Table 1. Composition (100 mL) of film-forming emulsions.

Chitosan (g)	Glycerol (mL)	Tween 80 (mL)	Carvacrol (mL)	Emulsifier: Oil Ratio
1.5	0.225	0.0	0.0	0:0
1.5	0.225	0.5	0.25	2:1
1.5	0.225	0.5	0.5	1:1
1.5	0.225	0.5	1.0	1:2

. For each composition, three separate batches of emulsions were prepared using both homogenization methods.

2.3. Preparation of Emulsified Films

The films were obtained by the casting technique. Films with uniform thickness were achieved by using a volume of film-forming emulsion containing the same amount of total solids. This volume was poured into a petri dish, weighed on an analytical balance, and dried for 24 h at 30 °C in an oven under slight orbital agitation.
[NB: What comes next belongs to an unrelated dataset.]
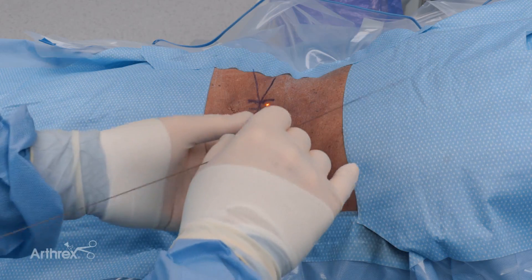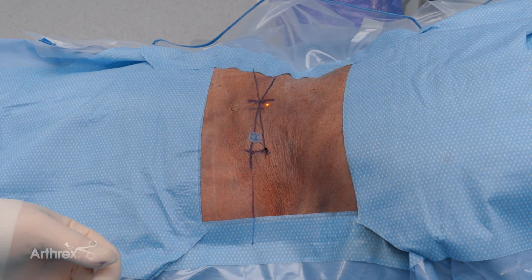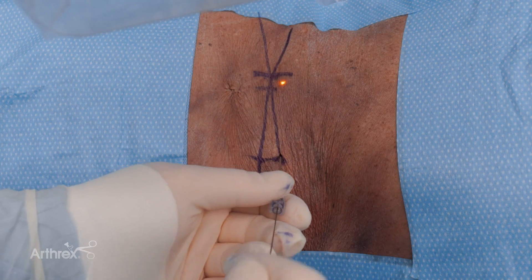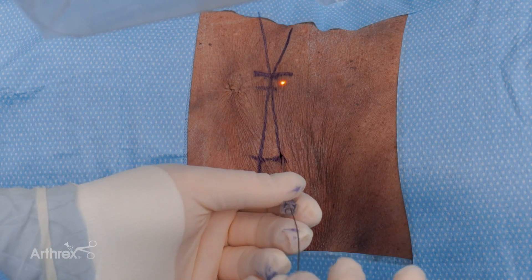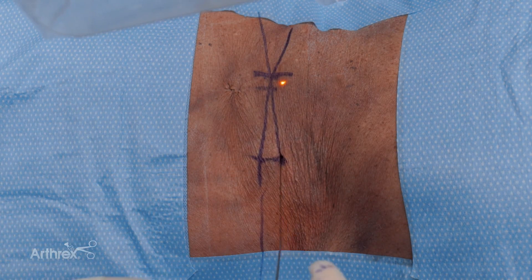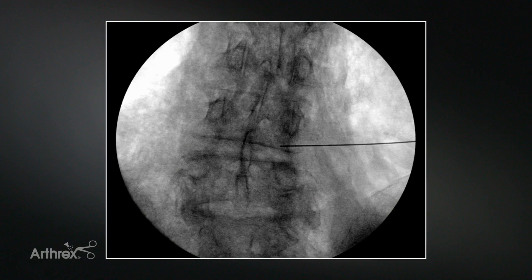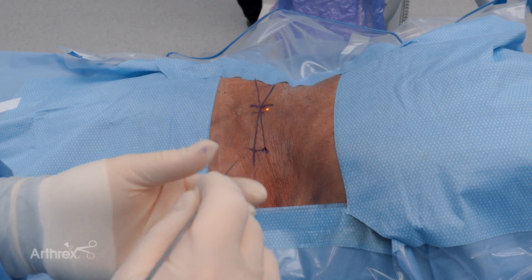Now that the needle is in the right place, we take out our stylet, insert our guide wire, and maintain the guide wire while we remove the needle. Now that we've confirmed the guide wire is in the right location, we'll dilate over the guide wire.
The resulting films were removed from the petri dishes and stored in a desiccator containing silica before being characterized.

2.4. Film Thickness

Film thickness was measured with a digital micrometer (Electronic Outside Micrometer, Fowler High Precision, Inc., Newton, MA, USA). Measurements were made in five different positions on each film sample and in triplicate for each film formulation. Mean values were used to evaluate the mechanical and water vapor barrier properties of the films.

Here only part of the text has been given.